If this is true, that's complete bullshit!

http://www.theblaze.com/stories/201...-team-6-members-to-hell-during-their-funeral/


----------



## pardus (May 25, 2013)

I heard this a little while ago and put little stock in it. 
According to the article linked it is very possible that nothing offensive was _meant_ by the Iman. However Islam itself is extremely offensive to anyone who is not Muslim (or doesn't like to see children sexually abused), so I could very easily believe that it is offensive, by proxy if you will.


----------



## AWP (May 26, 2013)

I find it curious that with all the publicity over the loss no one knew about the Imam's comments until well over a year after the service. If I'm not mistaken this also came to light around the time the families alleged the loss was due to not using MH-47 airframes and also claiming that the administration's naming of DEVGRU in the UBL raid both caused the shoot down.

Maybe the Imam did disrespect our deceased, but the "revelation" that he did so along with the politicization of EXTORTION 17's loss leaves a sour taste in my mouth. I'm no fan of the religion or the administration, but emotional allegations with no proof made well over a year after the event?

I think our dead deserve a better legacy.


----------



## DA SWO (May 26, 2013)

Freefalling said:


> I find it curious that with all the publicity over the loss no one knew about the Imam's comments until well over a year after the service. If I'm not mistaken this also came to light around the time the families alleged the loss was due to not using MH-47 airframes and also claiming that the administration's naming of DEVGRU in the UBL raid both caused the shoot down.
> 
> Maybe the Imam did disrespect our deceased, but the "revelation" that he did so along with the politicization of EXTORTION 17's loss leaves a sour taste in my mouth. I'm no fan of the religion or the administration, but emotional allegations with no proof made well over a year after the event?
> 
> I think our dead deserve a better legacy.


 
Maybe the families tried to work within th system and gave up after being stonewalled?

Why is a local Imam giving a prayer?  How many aboard the aircraft were muslim?  If zero, then why not a more apropriate service?

Why didn't the 160th support the mission?

Did someone leave the unit, and pass info to the families (i.e. that mission was fucked from the get-go)?

I am not going to slam the families, we have seen (Benghazi) lives wasted, and coverups attempted.  
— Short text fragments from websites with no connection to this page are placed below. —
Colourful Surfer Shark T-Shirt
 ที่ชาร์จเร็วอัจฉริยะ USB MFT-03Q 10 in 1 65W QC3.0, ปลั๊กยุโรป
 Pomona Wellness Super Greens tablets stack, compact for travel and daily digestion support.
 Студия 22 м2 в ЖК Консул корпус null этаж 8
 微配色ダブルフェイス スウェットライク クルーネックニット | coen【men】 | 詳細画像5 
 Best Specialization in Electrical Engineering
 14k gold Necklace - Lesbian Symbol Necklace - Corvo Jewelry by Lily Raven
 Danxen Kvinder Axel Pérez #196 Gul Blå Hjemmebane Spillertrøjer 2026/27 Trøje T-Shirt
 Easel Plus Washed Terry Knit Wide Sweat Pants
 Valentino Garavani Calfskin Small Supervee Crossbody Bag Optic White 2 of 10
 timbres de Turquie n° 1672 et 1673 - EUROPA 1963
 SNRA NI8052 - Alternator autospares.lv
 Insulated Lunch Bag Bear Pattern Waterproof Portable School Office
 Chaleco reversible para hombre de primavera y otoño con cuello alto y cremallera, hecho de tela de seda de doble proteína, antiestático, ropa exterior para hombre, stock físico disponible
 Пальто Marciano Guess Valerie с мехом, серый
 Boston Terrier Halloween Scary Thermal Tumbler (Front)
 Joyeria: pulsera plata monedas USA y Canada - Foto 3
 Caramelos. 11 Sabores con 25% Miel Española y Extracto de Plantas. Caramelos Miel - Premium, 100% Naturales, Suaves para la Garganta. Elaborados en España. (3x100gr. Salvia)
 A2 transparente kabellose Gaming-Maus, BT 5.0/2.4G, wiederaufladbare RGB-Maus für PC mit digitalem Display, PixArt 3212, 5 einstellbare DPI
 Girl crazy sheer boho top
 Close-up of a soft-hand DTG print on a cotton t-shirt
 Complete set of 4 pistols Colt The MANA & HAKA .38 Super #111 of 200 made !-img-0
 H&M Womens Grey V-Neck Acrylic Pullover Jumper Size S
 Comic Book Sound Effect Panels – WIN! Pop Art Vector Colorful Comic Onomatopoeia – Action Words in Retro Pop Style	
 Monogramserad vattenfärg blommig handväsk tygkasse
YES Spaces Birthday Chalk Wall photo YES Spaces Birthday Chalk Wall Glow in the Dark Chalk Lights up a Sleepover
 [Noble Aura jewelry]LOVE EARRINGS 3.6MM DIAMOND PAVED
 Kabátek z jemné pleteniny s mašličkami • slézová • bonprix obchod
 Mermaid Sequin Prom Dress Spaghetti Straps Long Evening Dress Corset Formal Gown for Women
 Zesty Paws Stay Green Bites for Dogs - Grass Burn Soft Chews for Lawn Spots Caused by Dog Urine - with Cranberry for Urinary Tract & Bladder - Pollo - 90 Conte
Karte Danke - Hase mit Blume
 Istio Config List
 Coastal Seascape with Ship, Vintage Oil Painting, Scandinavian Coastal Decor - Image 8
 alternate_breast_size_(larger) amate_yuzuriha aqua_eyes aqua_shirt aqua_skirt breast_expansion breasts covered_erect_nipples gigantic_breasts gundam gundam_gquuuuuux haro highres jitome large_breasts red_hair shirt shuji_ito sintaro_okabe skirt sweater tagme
Somebody screwed the pooch (JTF? JSOTF? Admin?) and the families want some answers.


----------



## Marauder06 (May 26, 2013)

I'm still not exactly sure about the circumstances here.  At :18 into the "American Prayer" video, the US and Afghan flags are clearly visible, and it seems apparent that this was an overseas service, and the flags indicate it was a combined service of some type.  So I can maybe see a legit reason for a Muslim cleric to be on the scene.  However, I'm kind of thinking that absent some extraordinary circumstances, or if one or more of the SEALs had been Muslim, no Islamic overtones of any type should have been present at the service.


----------



## AWP (May 26, 2013)

7 or 8 Afghans were aboard.

I think people would be surprised at the number of SOF missions flown by conventional a/c.


----------



## Scotth (May 30, 2013)

They have "audio" and streaming pictures from the event.  These aren't videos of the event which is pretty surprising to me in today's world.  The clips were "produced" and not filmed with no way of knowing if this was actually part of the ceremony.  If you listen to the Iman's clip there is music in the background and the Iman's voice is recorded clear as a bell when he is supposedly talking in front of a large group in a hangar.  If you listen to all three clips they have background music in them.  Where does all that background music come from in a hangar in Afghanistan?

I'm going to call Bullshit on the whole story.


----------